Once human remains reach a certain age, many cultures consider the remains to have no communal provenance, making exhumation acceptable. This serves several purposes:
- Many cemeteries have a limited number of plots in which to bury the dead. Once all plots are full, older remains are typically moved to an ossuary to accommodate more bodies.
- It enables archaeologists to search for human remains in order to better understand human culture.
- It enables construction agencies to clear the way for new infrastructure.
Frequently, cultures have different sets of exhumation taboos. Occasionally these differences result in conflict, especially in cases where a culture with more lenient exhumation rules wishes to operate on the territory of a stricter culture. For example, United States construction companies have run into conflict with Native American groups that wanted to preserve their ancient burial grounds from any form of modern construction.
In folklore and mythology, exhumation has also been frequently associated with the performance of rites to banish undead manifestations. An example is the Mercy Brown Vampire Incident of Rhode Island, which occurred in 1892.
Excarnation consists of exhumating the remnants to give them to animals. It was probably part of the bronze age death rites. Dogs and other scavengers gnawed on human corpses, reducing most of the bones to small fragments in the process.

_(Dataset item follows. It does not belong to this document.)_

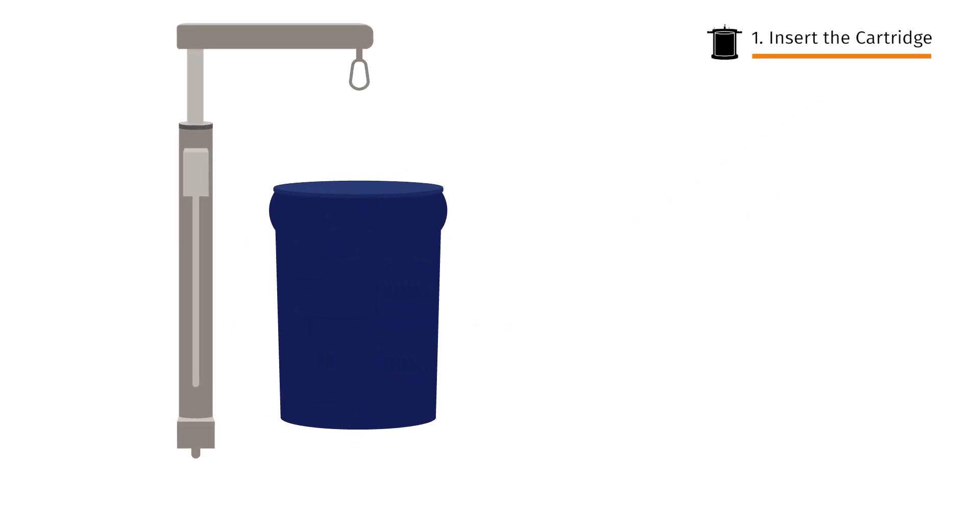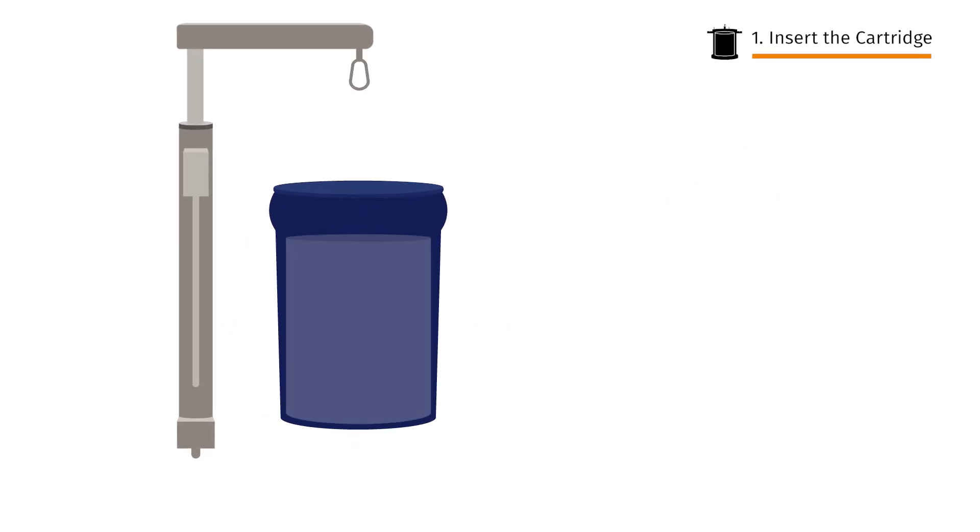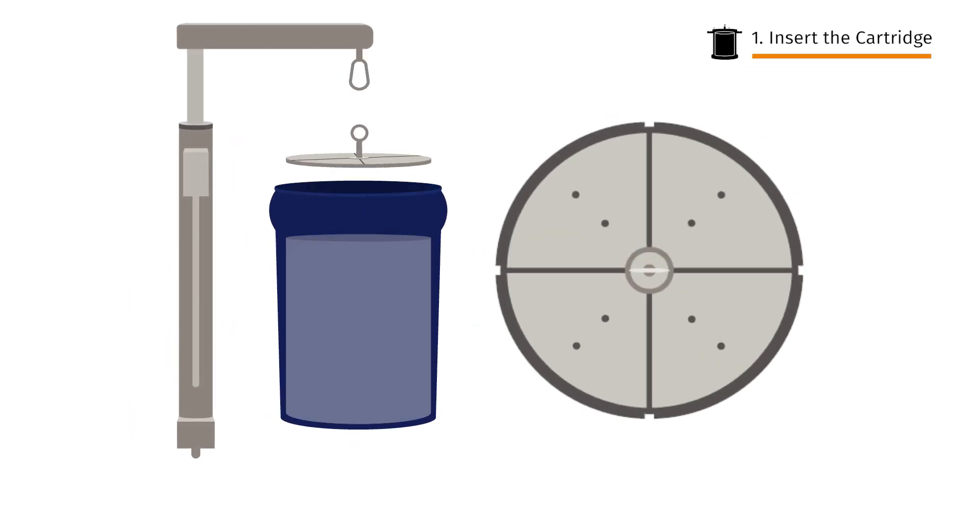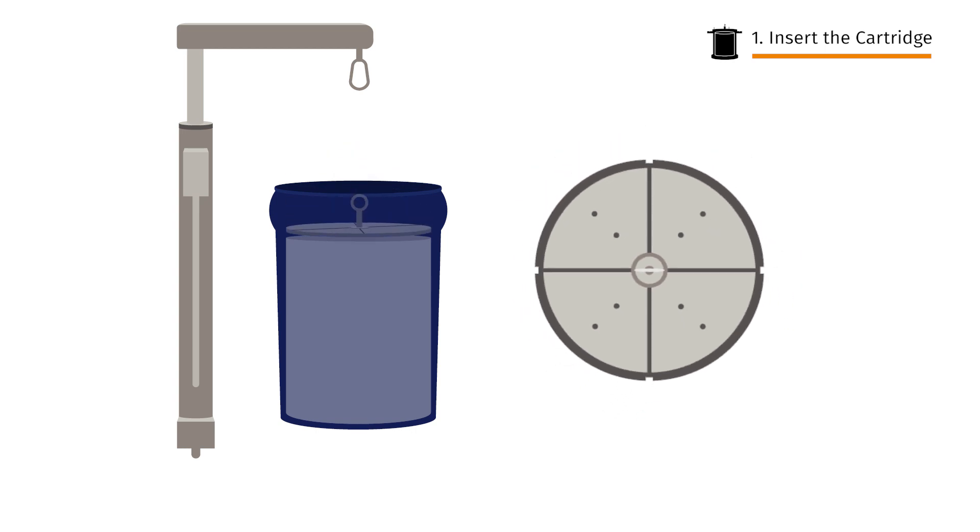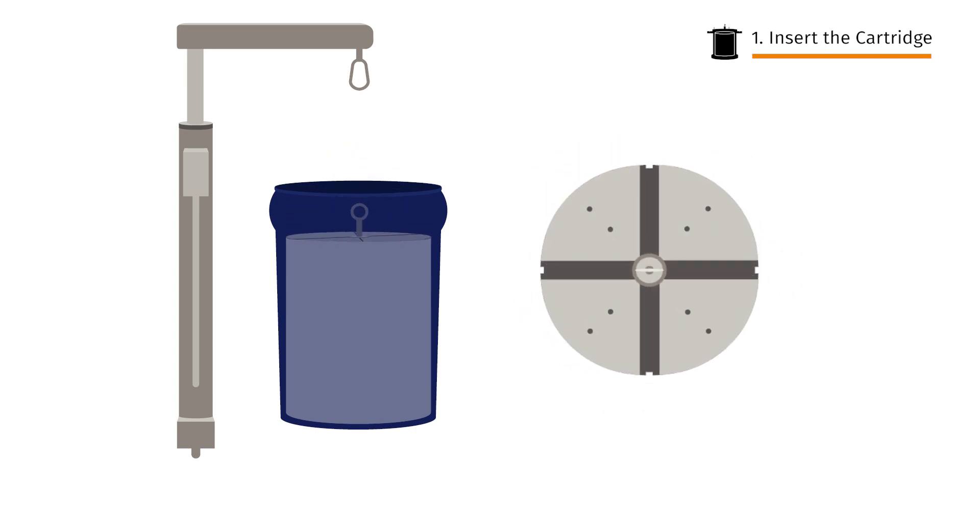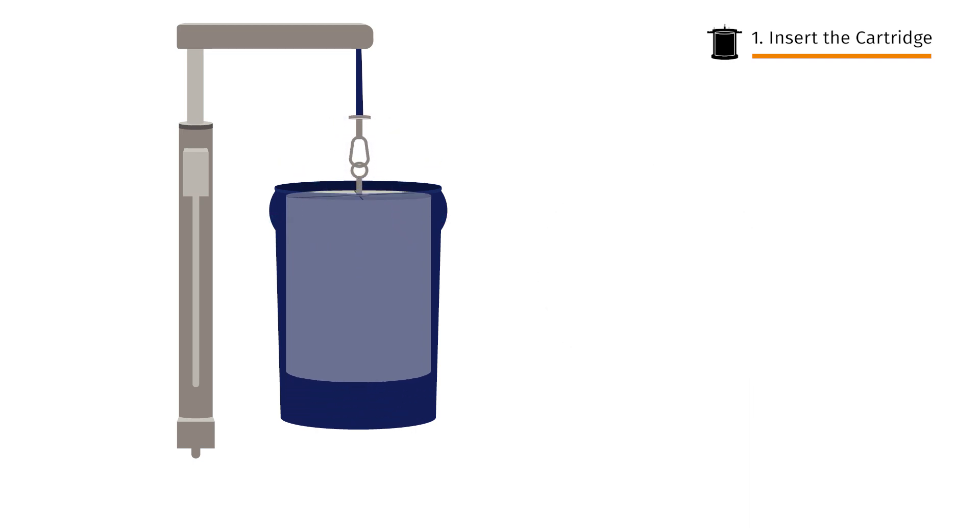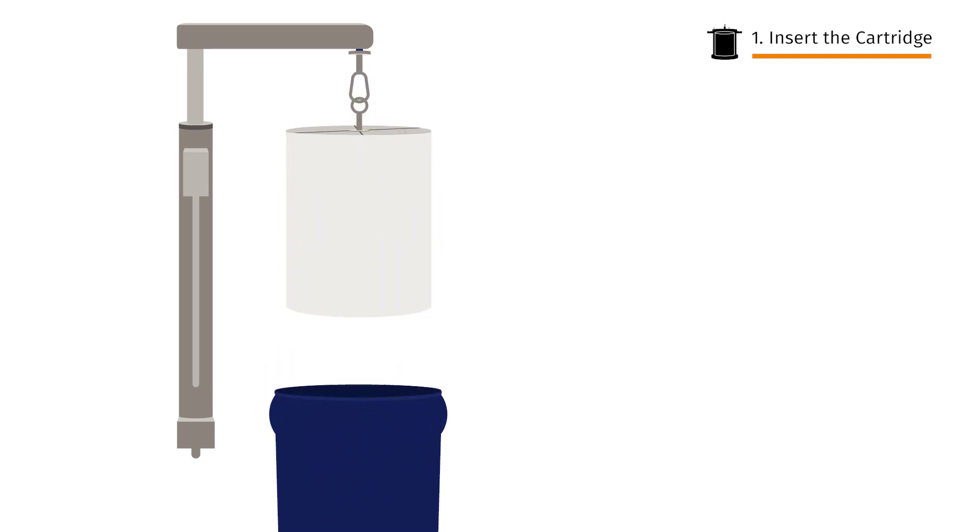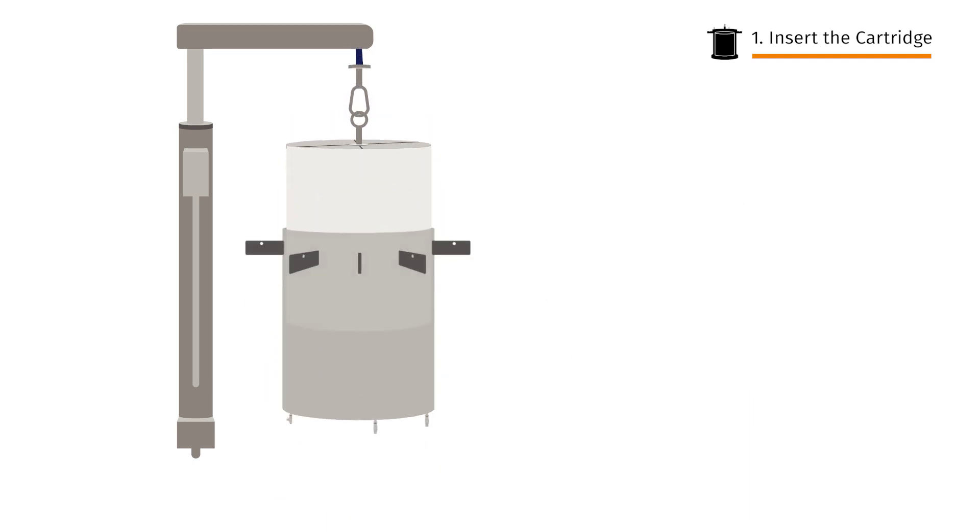First the cartridge is lifted in place. Put the lifting tool on top of the cartridge and slide the lock leaves into position. Attach the hoist cable and lift the cartridge into the compression module.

Since ancient times, Zoroastrians have disposed of their dead by leaving the corpses in the open air, to be devoured by carnivorous birds and beasts. The Towers of Silence (Doongerwadi) have existed in Bombay since 1673. In modern Bombay there can be no beasts, but the vultures remain, ready to swoop down at the appointed times for their daily meals.
Secondary death rituals
In these rites, the body is treated one way and additional remains are treated another. For example, in modern, rural, south China, the corpse is buried with ceremony. After enough time has passed for the flesh to decompose, the bones are exhumed, cleansed, ritualized again then reburied.
It is suggested that dual rituals serve dual purposes with the specific purposes varying among cultures. When considering the dual rituals of contemporary Western cremations, it may be that one ritual addresses “community or family problems of social reintegration and the other resolves personal problems of bereavement.